Building the cohort 'by' variable and running DCDH for you is exactly what [nabs_effect_cells()] with 'method = "DCDH"' does; call the generic directly only when you already have a 'by'-run object in hand.
SEs are the estimator's own ('se_method = "native"') when 'Time'-level SEs are present in the plot data; otherwise they are recovered from the symmetric ‘LB.CI'/'UB.CI' bounds ('se_method = "ci"'), which is exact for DCDH’s normal CIs, so 'show_se' works either way.
## fect method
Uses 'fect::imputed_outcomes()' (fect >= 2.4.0), the documented long-form accessor that returns one row per treated cell with columns 'id', 'time', 'event.time', 'cohort', 'eff', and 'W.agg'. The cell estimate for each '(cohort, event_time)' group is the 'W.agg'-weighted mean of the cell-level effects 'eff' (set 'weighted = FALSE' for an unweighted mean).

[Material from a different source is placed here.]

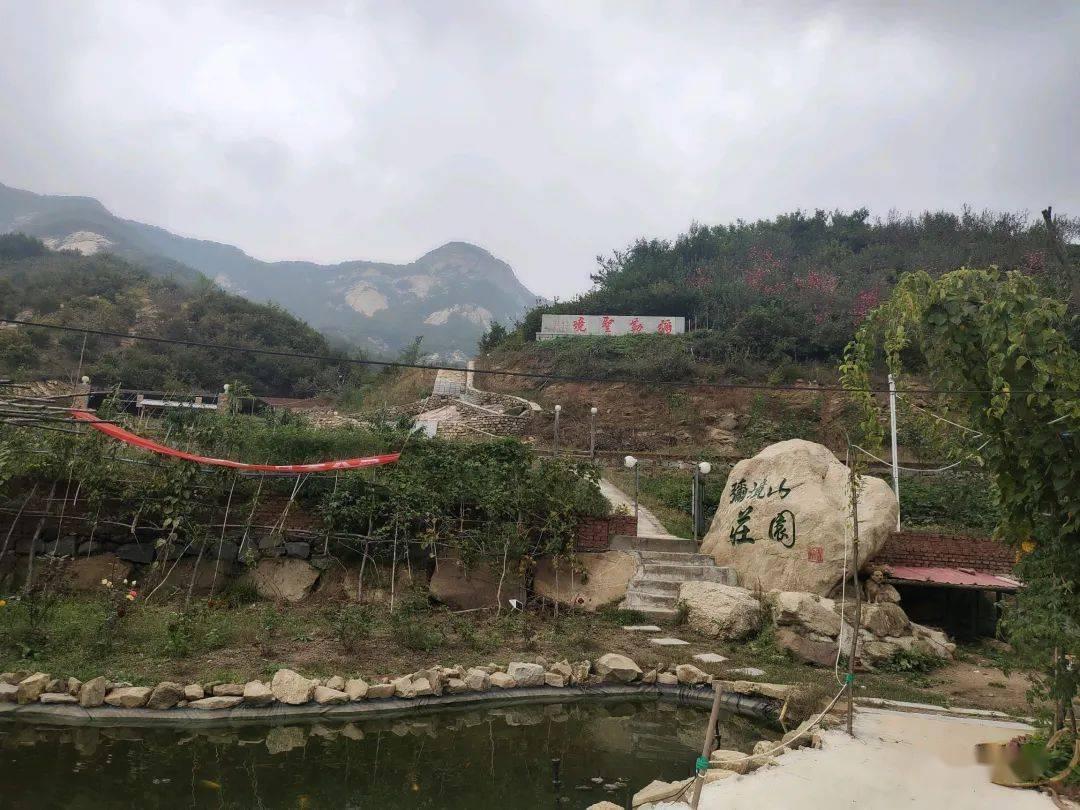 男人对女人说我欠你太多了是什么意思？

Standard errors come from the bootstrap surface: when the fit was produced with 'se = TRUE' and 'keep.sims = TRUE', 'imputed_outcomes(replicates = TRUE)' is re-aggregated within each replicate, and the cell SE is the standard deviation across replicates (with percentile CIs). Without stored sims the SE / CI columns are 'NA' and 'se_method' is '"none"'.
Value
A tibble of class '"nabs_effect_cell_tbl"', one row per '(cohort, event_time)' cell, with columns documented in [new_effect_cell_tbl()].
Status
This is an **experimental** feature line, separate from the stable event-study API. Only the 'fect' family ('IFE' / 'FE' / 'MC') and 'DCDH' ('DIDmultiplegtDYN') are supported; 'PanelMatch' is deliberately omitted for now because a faithful cohort breakdown there needs the matched-set bootstrap to be re-aggregated by cohort, which is out of scope for this pass.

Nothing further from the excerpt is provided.